One of the most popular video-sharing application Tik Tok, is accused of multiple data breaches.
BEUC (The European Consumer Organisation) filed a complaint against the social media platform on the 16th of February 2021, and published a report presenting an analysis of Tik Tok’s Privacy Policies.
The first aspect presented by BEUC is the privacy and data protection policies, which the company has repeatedly changed without providing the users with clear information and accessibility regarding the geographical scope, language, and the differences between the versions of the policies.
The last update of their Privacy Policy was in July 2020, however Tik Tok does not provide any archive of older policies which makes the evaluation of their GDPR (General Data Protection Regulation) compliance more difficult.
‘’It should be emphasised that improvements over time do not excuse breaches of data protection rules in previous policies and practices.’’

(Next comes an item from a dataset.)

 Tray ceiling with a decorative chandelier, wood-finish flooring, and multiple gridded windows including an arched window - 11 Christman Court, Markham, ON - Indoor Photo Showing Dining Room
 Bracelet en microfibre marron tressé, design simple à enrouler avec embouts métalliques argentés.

Regarding the data protection principles, it seems that Tik Tok fails to demonstrate in a systematic and exclusive manner for what purposes and under what lawful ground the personal data will be processed for, misleading the users who are no longer able to exercise their rights.
Moreover, the video-sharing social networking collects personal data even from people who do not want to create an account, without providing clear information about what lawful ground will be used for processing.

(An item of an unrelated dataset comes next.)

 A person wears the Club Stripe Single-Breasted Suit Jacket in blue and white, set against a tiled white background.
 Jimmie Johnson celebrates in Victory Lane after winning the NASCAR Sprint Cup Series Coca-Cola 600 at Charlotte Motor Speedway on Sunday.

‘’Technical information we collect about you. We collect certain information from you when you use the Platform including when you are using the app without an account. Such information includes your IP, address, instance IDs (which allow us to determine which devices to deliver messages to), mobile carrier, time zone settings, identifier for advertising purposes and the version of the app you are using. We will also collect information regarding the device you are using to access the Platform such as the model of your device, the device system, network type, device ID, your screen resolution and operating system, audio settings and connected audio devices. Where you log-in from multiple devices, we will be able to use your profile information to identify your activity across devices.’’
BEUC also demands the authorities for a thorough investigation of the consent Tik Tok requires for targeted advertising. The organisation brings several arguments on how the Platform obtains the consent illegally.

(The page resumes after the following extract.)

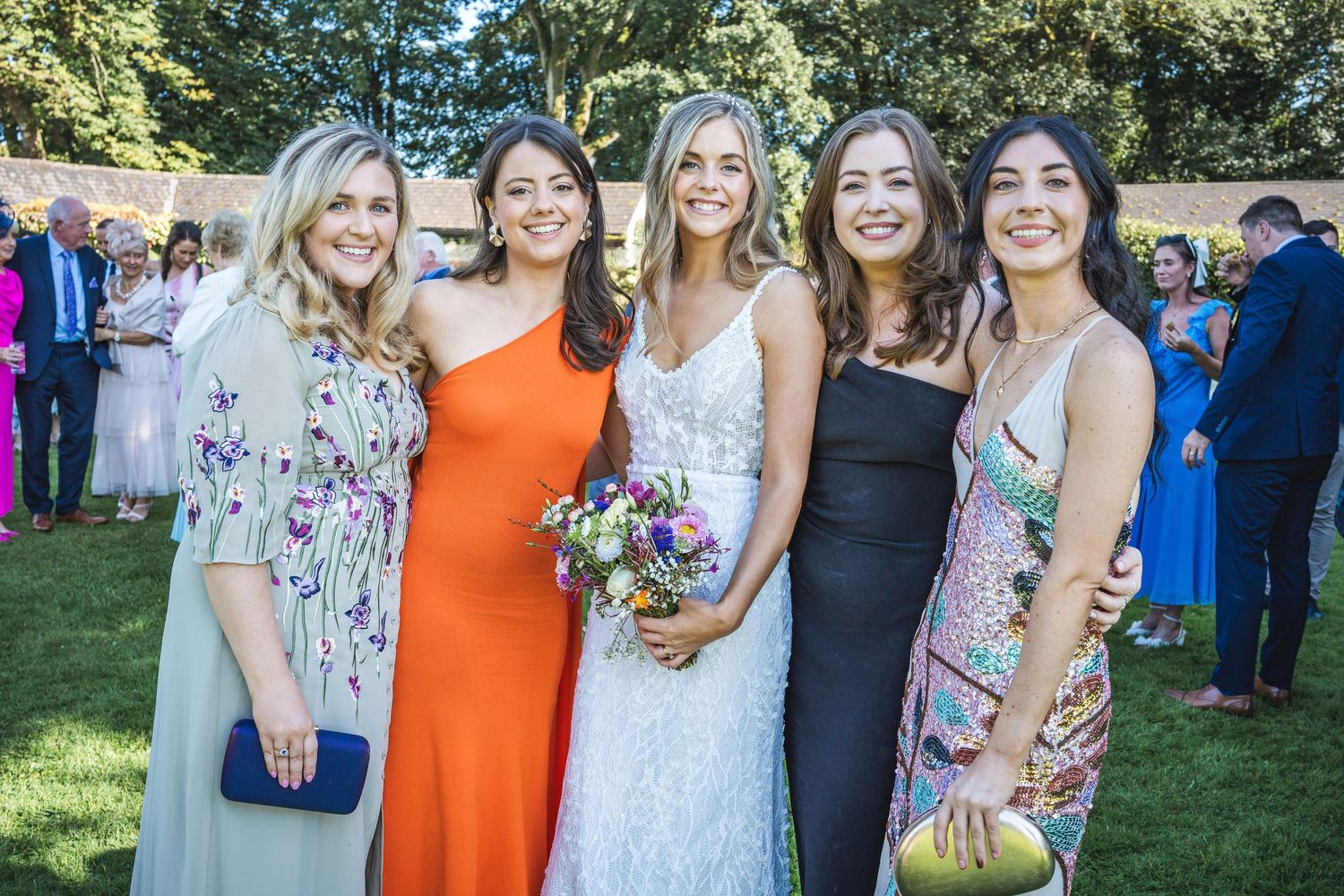 Bride in lace gown poses with four female wedding guests on sunny lawn.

The consent notice is misleading for data subjects, it does not offer an additional ‘’decline’’ button, users being forced to access ‘’manage in settings’’ to find out more.
Moreover, ‘’ by clicking ‘Accept’, users consent to the personalisation of ads on the basis of app activity and on the basis of data received from third parties in a bundled manner’’.
When they are trying to manage their settings switching on ‘Personalized ads’ automatically switches on ‘’Ads based on data received from partners’’ as well, without being specified who are these partners of Tik Tok, BEUC argues.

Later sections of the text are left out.